Obwohl Pamuk einige interessante Details zum alten und zum neuen Istanbul-Buch hervorholt, bleibt doch der Stoff des Gespräches meist oberflächlich und beinahe banal. Es kommt wenig Gelegenheit auf, Unbequemes, Kritisches oder gar Politisches zu diskutieren.
Dabei hat Pamuk in seinem Buch Diese Fremdheit in mir (2014) eindrücklich bewiesen, wie feinsinnig man die Geschichte der Stadt auch erzählen kann: Aus den Augen eines Boza-Verkäufers, der von den 70er Jahren bis heute die Veränderungen Istanbuls mitbekommt, vom Leben in den Gecekondus bis hin zur neoliberalen Umgestaltung der Stadt. Leider ist von abenteuerlichen Reisen durch politische Wirren und tiefgreifende Veränderungen an diesem Abend kaum etwas zu spüren.

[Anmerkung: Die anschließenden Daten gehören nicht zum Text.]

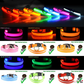 LED Adjustable Dog Collars. Light the Night. Protect Your Pet.
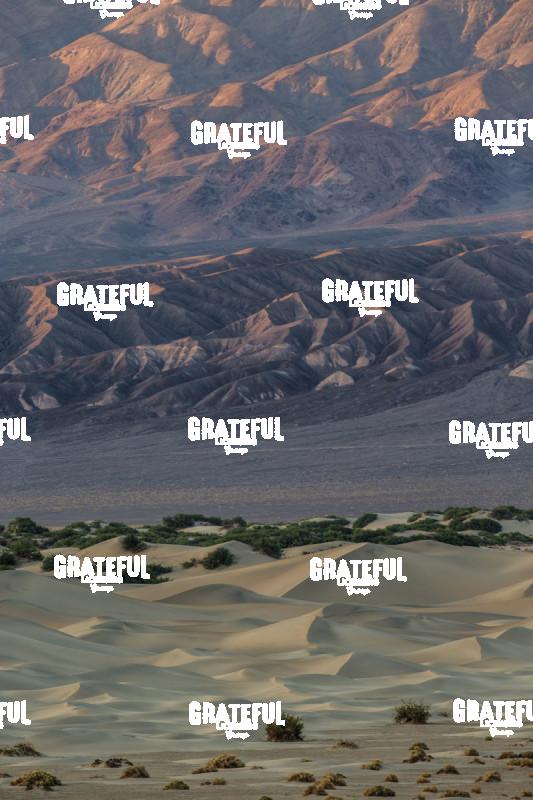 mesquite sand dunes sunrise 23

Nun ja, vielleicht hat es die enttäuschte Besucherin aber auch mit einem bekannten Pamuk-Phänomen zu tun gehabt, nämlich mit der großen Vielfalt seines Werkes. Trotz der seichten Lesung zum Göttinger Literaturherbst: Pamuk zeigt sich als ein Autor, der souverän und gelassen zwischen verschiedenen Formen und Medien wechselt – ohne Scheu, mit Erwartungen zu brechen.